RECORDS FOR THE EXERCISE: Begin

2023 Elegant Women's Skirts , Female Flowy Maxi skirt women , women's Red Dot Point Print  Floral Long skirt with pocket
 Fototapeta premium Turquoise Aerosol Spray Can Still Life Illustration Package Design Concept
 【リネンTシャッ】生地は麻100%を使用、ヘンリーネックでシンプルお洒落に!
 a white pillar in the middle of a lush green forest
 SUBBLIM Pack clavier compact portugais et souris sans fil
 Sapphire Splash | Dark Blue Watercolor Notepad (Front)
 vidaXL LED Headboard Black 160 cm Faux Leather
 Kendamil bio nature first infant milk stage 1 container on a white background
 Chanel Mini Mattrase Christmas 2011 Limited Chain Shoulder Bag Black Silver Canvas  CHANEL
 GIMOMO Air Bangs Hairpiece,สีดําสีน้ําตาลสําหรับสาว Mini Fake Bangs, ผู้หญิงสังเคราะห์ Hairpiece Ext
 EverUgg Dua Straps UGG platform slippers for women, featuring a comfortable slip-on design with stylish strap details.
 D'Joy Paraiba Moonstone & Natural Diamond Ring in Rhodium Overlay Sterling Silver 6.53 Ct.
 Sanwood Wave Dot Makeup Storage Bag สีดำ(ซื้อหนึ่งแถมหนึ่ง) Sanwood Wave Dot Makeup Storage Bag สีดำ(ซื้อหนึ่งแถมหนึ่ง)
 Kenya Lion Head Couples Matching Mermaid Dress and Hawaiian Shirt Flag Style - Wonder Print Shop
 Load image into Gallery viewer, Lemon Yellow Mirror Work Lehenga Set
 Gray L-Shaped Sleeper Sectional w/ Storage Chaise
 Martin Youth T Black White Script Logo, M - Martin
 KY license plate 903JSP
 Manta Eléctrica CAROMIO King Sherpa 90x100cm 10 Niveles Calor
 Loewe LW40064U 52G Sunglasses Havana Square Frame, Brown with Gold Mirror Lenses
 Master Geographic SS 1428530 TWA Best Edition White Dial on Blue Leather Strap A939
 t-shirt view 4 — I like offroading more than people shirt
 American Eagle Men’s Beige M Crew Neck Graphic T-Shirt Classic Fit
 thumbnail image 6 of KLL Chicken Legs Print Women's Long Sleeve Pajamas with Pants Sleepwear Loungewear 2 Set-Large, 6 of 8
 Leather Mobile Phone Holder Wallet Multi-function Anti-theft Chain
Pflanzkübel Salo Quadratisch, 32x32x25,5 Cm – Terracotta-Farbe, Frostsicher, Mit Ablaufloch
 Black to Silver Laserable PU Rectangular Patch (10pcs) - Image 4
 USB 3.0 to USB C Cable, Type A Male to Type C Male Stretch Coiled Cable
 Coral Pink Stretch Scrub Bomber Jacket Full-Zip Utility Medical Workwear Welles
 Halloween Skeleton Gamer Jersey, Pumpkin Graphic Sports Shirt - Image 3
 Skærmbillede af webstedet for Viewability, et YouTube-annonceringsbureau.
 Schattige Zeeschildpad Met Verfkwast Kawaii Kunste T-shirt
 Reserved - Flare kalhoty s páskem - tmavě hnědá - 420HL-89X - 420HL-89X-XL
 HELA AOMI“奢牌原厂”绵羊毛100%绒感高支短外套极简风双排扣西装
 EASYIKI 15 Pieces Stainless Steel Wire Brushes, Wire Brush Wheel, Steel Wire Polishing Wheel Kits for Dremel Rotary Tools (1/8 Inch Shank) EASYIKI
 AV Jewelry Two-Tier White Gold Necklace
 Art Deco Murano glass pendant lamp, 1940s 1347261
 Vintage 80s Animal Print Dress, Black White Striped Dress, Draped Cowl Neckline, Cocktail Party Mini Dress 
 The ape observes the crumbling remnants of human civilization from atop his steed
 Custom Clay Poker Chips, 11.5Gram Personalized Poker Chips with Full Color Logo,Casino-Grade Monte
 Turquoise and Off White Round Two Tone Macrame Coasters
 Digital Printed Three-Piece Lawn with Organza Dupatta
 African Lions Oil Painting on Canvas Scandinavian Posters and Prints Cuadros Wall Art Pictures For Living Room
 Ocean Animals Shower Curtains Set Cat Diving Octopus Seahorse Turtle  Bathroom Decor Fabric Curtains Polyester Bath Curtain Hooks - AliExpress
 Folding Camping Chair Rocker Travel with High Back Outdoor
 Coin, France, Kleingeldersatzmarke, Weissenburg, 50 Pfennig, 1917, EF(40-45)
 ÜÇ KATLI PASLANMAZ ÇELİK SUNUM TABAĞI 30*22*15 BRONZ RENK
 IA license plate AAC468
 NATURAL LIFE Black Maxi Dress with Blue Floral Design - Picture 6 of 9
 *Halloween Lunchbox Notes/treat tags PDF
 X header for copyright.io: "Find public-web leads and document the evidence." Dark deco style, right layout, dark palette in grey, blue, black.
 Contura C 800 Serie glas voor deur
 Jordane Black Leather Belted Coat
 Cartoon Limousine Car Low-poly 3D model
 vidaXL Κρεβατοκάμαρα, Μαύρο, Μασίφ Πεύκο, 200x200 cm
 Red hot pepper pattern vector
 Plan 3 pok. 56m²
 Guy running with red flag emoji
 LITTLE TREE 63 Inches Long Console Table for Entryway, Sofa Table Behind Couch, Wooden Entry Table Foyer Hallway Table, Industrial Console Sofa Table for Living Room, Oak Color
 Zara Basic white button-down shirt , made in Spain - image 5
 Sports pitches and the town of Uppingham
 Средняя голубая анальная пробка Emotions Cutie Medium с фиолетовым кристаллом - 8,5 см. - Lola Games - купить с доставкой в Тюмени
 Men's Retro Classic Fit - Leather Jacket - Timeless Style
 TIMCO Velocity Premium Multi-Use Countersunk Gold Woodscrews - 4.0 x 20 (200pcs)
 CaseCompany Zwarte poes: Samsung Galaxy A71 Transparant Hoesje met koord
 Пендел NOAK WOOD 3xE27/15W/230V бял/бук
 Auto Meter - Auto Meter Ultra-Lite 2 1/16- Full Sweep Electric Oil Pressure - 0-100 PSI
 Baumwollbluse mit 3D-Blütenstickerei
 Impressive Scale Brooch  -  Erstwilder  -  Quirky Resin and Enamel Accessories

RECORDS FOR THE EXERCISE: End

__TASK REQUIREMENTS__. All that is wanted is a faithful reproduction of the line above with "Bag สีดำ(ซื้อหนึ่งแถมหนึ่ง) Sanwood", the line with "Leather Mobile Phone", and every line in between.

__RESULT FOR THIS EXERCISE__.
 Sanwood Wave Dot Makeup Storage Bag สีดำ(ซื้อหนึ่งแถมหนึ่ง) Sanwood Wave Dot Makeup Storage Bag สีดำ(ซื้อหนึ่งแถมหนึ่ง)
 Kenya Lion Head Couples Matching Mermaid Dress and Hawaiian Shirt Flag Style - Wonder Print Shop
 Load image into Gallery viewer, Lemon Yellow Mirror Work Lehenga Set
 Gray L-Shaped Sleeper Sectional w/ Storage Chaise
 Martin Youth T Black White Script Logo, M - Martin
 KY license plate 903JSP
 Manta Eléctrica CAROMIO King Sherpa 90x100cm 10 Niveles Calor
 Loewe LW40064U 52G Sunglasses Havana Square Frame, Brown with Gold Mirror Lenses
 Master Geographic SS 1428530 TWA Best Edition White Dial on Blue Leather Strap A939
 t-shirt view 4 — I like offroading more than people shirt
 American Eagle Men’s Beige M Crew Neck Graphic T-Shirt Classic Fit
 thumbnail image 6 of KLL Chicken Legs Print Women's Long Sleeve Pajamas with Pants Sleepwear Loungewear 2 Set-Large, 6 of 8
 Leather Mobile Phone Holder Wallet Multi-function Anti-theft Chain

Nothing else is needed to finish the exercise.